$150 Mask Fools iPhone X Facial Recognition

$150 Mask Fools iPhone X Facial Recognition

The trouble with facial recognition is that too many humans have defining characteristics that can not be dissected by a machine-we look too similar. Bkav admits this openly in a Q & A on its hack, noting that "Potential targets shall not be regular users, but billionaires, leaders of major corporations, nation leaders and agents like Federal Bureau of Investigation need to understand the Face ID's issue". "The skin was also hand-made to trick Apple's Artificial Intelligence", Bkav said in a blog post.

The Bkav researchers say they were able to crack Face ID with a cheap mix of materials, 3D printing rather than face-casting, and perhaps most surprisingly, fixed, two-dimensional printed eyes.

We also still don't know how legitimate Bkav's claims really are. If you still find yourself in a situation where law enforcement agencies might attempt to get your iPhone X unlocked, you can disable the Face ID technology by pressing the lock button five times. "It continues to be 1 in a million probability of a random person unlocking your iPhone with Face ID", in a statement. The video shows Face ID working in one try, too, although it's not clear, how many false attempts Bkav had before producing a mask that worked smoothly.

BKAV, which built a reputation on fooling facial recognition, quickly touted toppling Face ID, writing that Apple didn't have enough "scientific and serious estimation before deciding to replace Touch ID with Face ID".

Face ID allows users to unlock their iPhone X by looking at it, then make purchases from the Apple store or conduct other Apple Pay transactions using stored payment card data.

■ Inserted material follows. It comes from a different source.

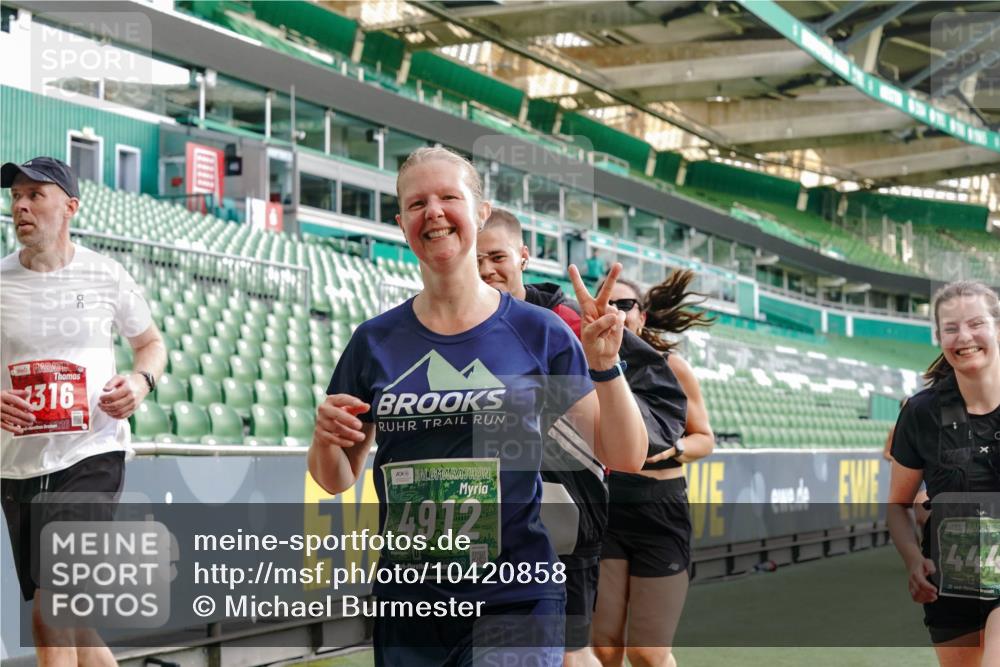 13.09.2026 - 21. swb-Marathon Bremen Michael Burmester http://msf.ph/oto/10420858 13.09.2026 13:21:50 Laufen im Stadion 128, 211, 258, 343, 351, 423, 441, 571, 601, 620, 704, 782, 851, 1060, 1094, 1157, 1158, 1177, 1259, 1316, 1344, 1417, 1439, 1518, 1657, 1669, 1676, 1729, 1808, 1846, 1883, 2064, 2139, 2201, 2258, 2278, 2290, 2394, 2395, 2414, 2417, 2437, 2519, 2551, 2588, 2619, 2632, 2652, 2660, 2685, 2711, 2736, 2793, 2828, 2886, 2954, 2964, 2995, 3004, 3010, 3017, 3018, 3022, 3034, 3035, 3036, 3070, 3074, 3102, 3144, 3225, 3351, 3682, 3784, 4020, 4431, 4584, 1506 meine-sportfotos.de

In fact, during the iPhone X launch event at the Steve Jobs Center, Tim Cook even joked that unless an iPhone X user has an evil twin, he will have no reason to worry about his security. Face ID is even attention-aware.

The new technology has passed nearly all the security tests with flying colours; until a security firm called Bkav allegedly created a mask to beat the FaceID. The mask is claimed to have cost around $150 to make, which seems cheap when you consider the effort and vast resources Apple put into developing the $999 iPhone X and its Face ID system. And the mask isn't exactly a work of art-Bkav, which has a history of breaking through facial recognition security, just Frankensteined parts together until the phone unlocked.

Bkav researchers began testing Face ID as soon as the iPhone X was released to them last week.

Ultimately, the company thinks this probably means that regular iPhone X users aren't at a high risk of having their phone hacked into by mischievous intruders armed with 3D printers and fake noses.